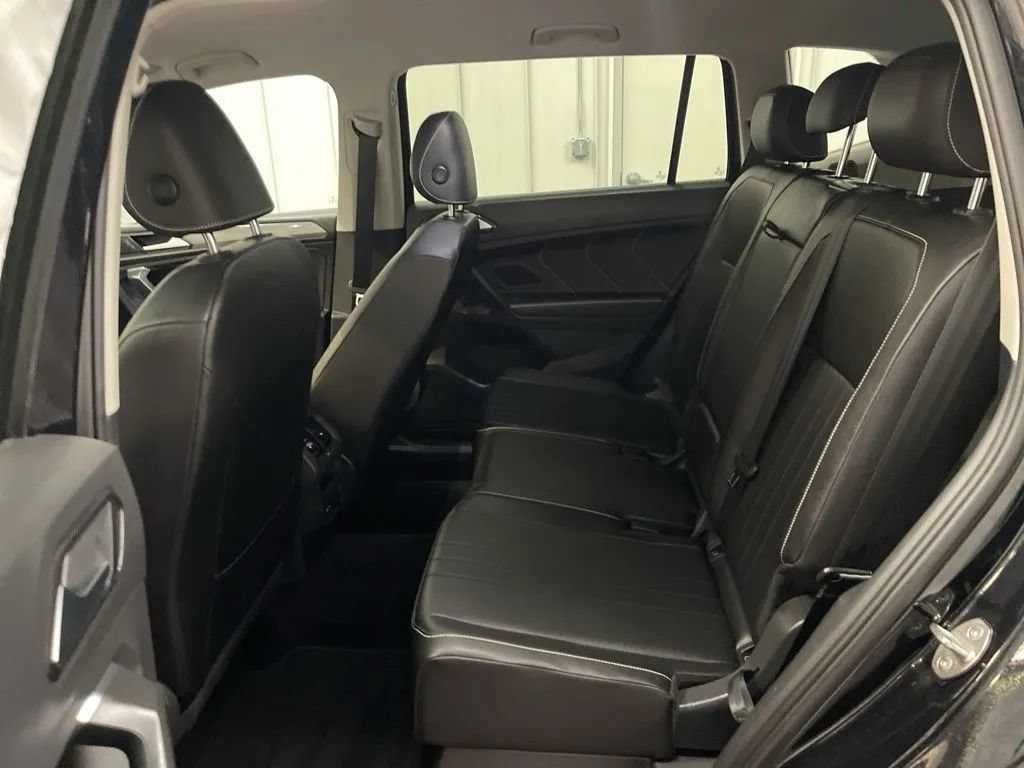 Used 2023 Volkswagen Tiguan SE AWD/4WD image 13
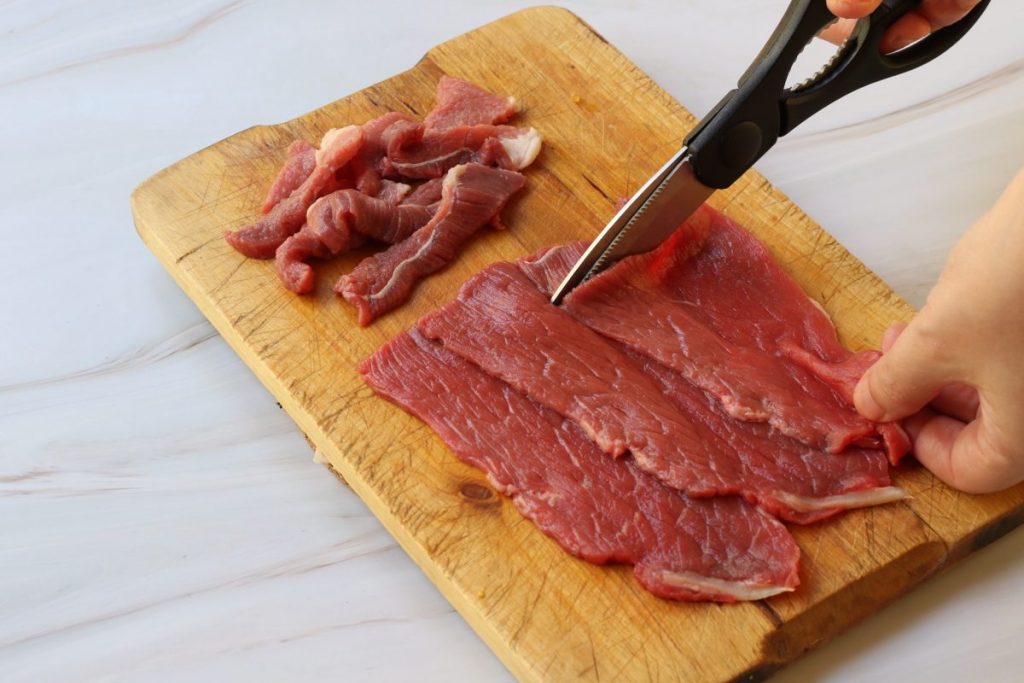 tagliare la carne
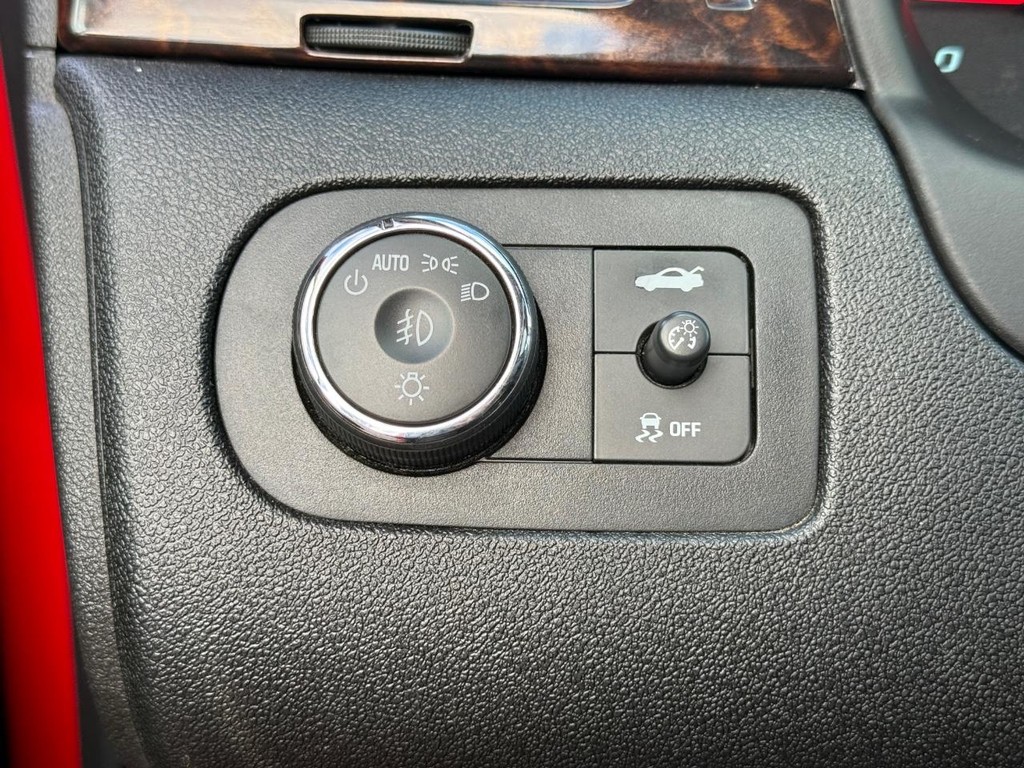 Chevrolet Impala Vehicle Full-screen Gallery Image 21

========

Problem to work on: When you restate the listing above, give each line word for word but leave out every image.

Expected output:
 Used 2023 Volkswagen Tiguan SE AWD/4WD image 13
 tagliare la carne
 Chevrolet Impala Vehicle Full-screen Gallery Image 21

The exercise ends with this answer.